» Problem requirements: Transcribe the data below verbatim from the line with "kf-Sd49d3c088d5e4d5d8bfda06cb1e4645eN 1 Pack" to the line with "wyglądać jak Kardashian". Include both of those lines.

» Task inputs:
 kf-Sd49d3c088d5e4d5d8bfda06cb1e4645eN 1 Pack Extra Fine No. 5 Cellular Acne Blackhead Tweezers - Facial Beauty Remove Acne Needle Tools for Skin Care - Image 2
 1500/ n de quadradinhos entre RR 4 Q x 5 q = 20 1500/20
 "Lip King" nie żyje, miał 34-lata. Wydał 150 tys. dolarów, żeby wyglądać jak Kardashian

...

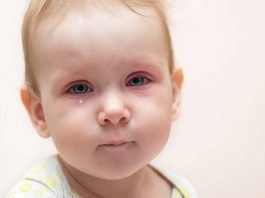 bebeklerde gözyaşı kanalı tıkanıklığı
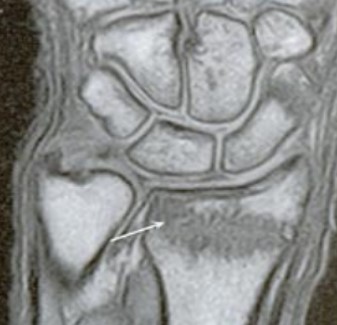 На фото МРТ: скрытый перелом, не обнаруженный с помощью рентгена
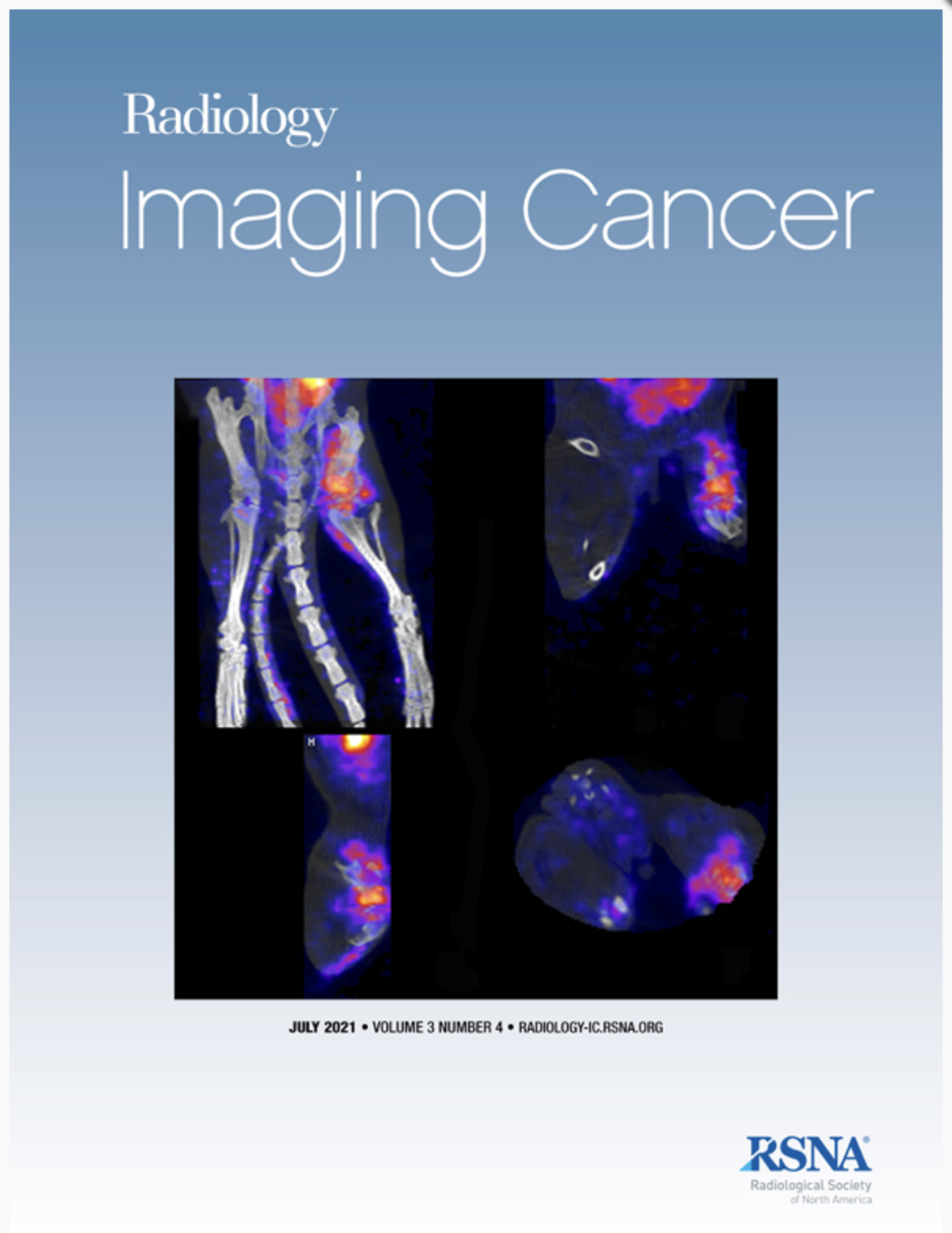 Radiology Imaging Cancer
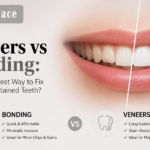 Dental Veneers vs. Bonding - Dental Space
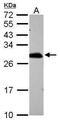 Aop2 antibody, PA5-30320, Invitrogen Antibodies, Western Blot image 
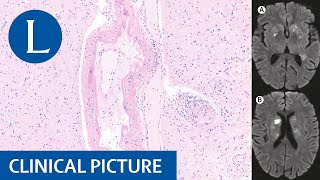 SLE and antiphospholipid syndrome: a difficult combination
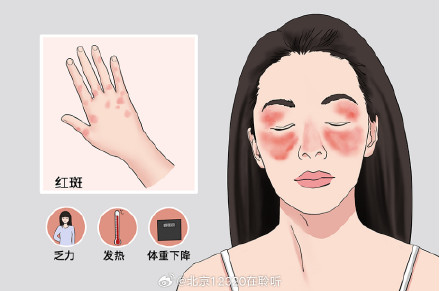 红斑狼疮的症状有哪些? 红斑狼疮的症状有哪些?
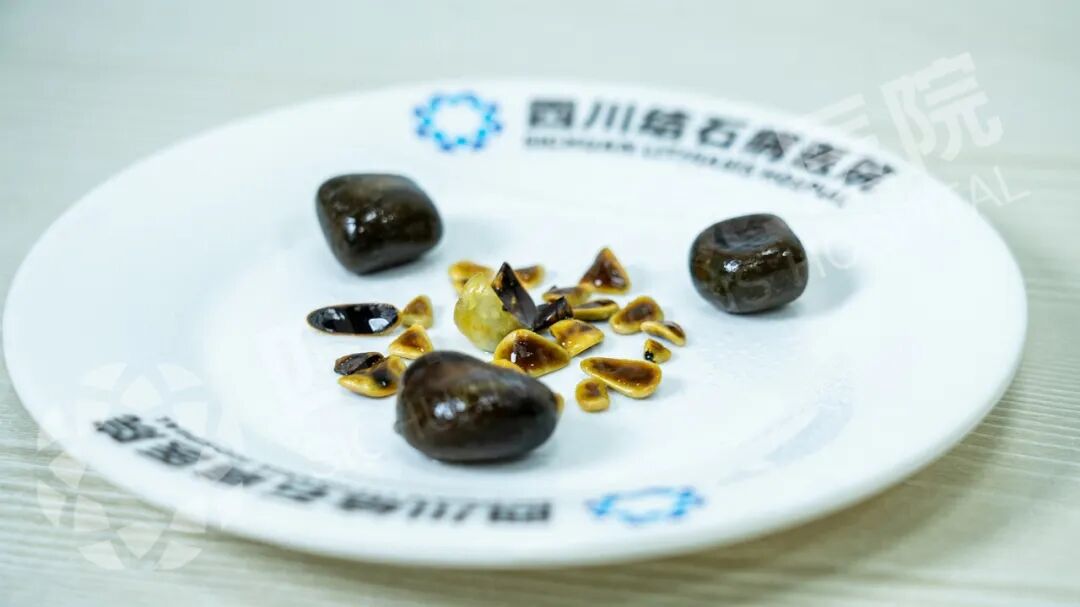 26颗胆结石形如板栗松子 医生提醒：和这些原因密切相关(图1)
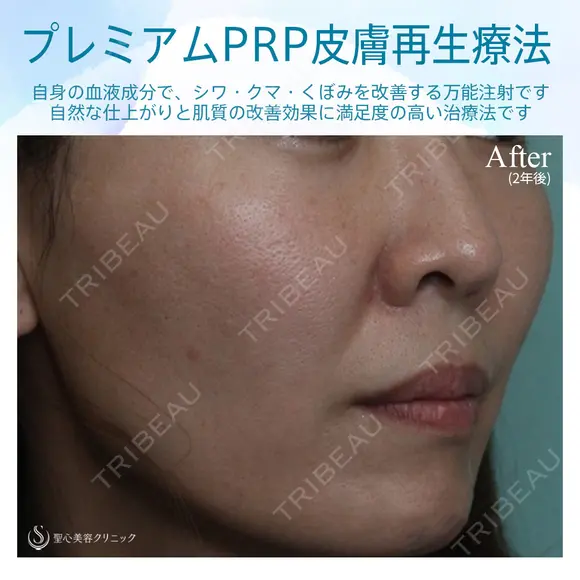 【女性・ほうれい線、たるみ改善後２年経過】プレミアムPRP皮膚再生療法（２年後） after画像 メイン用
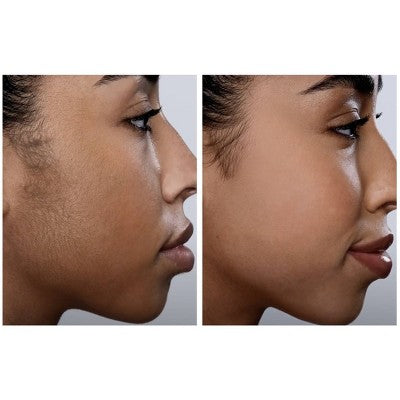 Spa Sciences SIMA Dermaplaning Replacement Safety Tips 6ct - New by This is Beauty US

» Output:
 kf-Sd49d3c088d5e4d5d8bfda06cb1e4645eN 1 Pack Extra Fine No. 5 Cellular Acne Blackhead Tweezers - Facial Beauty Remove Acne Needle Tools for Skin Care - Image 2
 1500/ n de quadradinhos entre RR 4 Q x 5 q = 20 1500/20
 "Lip King" nie żyje, miał 34-lata. Wydał 150 tys. dolarów, żeby wyglądać jak Kardashian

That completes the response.